*** Data under study ***
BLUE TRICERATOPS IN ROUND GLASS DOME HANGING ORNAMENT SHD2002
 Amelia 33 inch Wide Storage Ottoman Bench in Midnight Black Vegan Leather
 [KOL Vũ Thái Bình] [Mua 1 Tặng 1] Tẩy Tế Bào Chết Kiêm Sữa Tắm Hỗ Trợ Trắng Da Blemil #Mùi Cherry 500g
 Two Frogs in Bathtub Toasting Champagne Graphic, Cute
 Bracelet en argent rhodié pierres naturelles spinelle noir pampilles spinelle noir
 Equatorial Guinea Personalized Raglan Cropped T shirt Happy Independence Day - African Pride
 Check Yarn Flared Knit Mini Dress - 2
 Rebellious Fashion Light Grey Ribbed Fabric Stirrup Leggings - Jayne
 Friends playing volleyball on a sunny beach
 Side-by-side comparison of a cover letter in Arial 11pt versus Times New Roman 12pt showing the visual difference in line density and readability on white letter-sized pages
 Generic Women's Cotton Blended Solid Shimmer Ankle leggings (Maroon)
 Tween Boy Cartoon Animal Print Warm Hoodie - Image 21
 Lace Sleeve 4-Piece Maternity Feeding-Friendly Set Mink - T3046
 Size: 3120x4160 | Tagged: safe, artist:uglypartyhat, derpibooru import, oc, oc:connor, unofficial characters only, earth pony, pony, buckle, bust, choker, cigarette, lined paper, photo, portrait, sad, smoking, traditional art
*** End of Data under study ***
_Problem_
Please retype, with no changes, the lines that run from the first line of the entries to the line with "Friends playing volleyball on a sunny beach", both ends included.

_Response_
BLUE TRICERATOPS IN ROUND GLASS DOME HANGING ORNAMENT SHD2002
 Amelia 33 inch Wide Storage Ottoman Bench in Midnight Black Vegan Leather
 [KOL Vũ Thái Bình] [Mua 1 Tặng 1] Tẩy Tế Bào Chết Kiêm Sữa Tắm Hỗ Trợ Trắng Da Blemil #Mùi Cherry 500g
 Two Frogs in Bathtub Toasting Champagne Graphic, Cute
 Bracelet en argent rhodié pierres naturelles spinelle noir pampilles spinelle noir
 Equatorial Guinea Personalized Raglan Cropped T shirt Happy Independence Day - African Pride
 Check Yarn Flared Knit Mini Dress - 2
 Rebellious Fashion Light Grey Ribbed Fabric Stirrup Leggings - Jayne
 Friends playing volleyball on a sunny beach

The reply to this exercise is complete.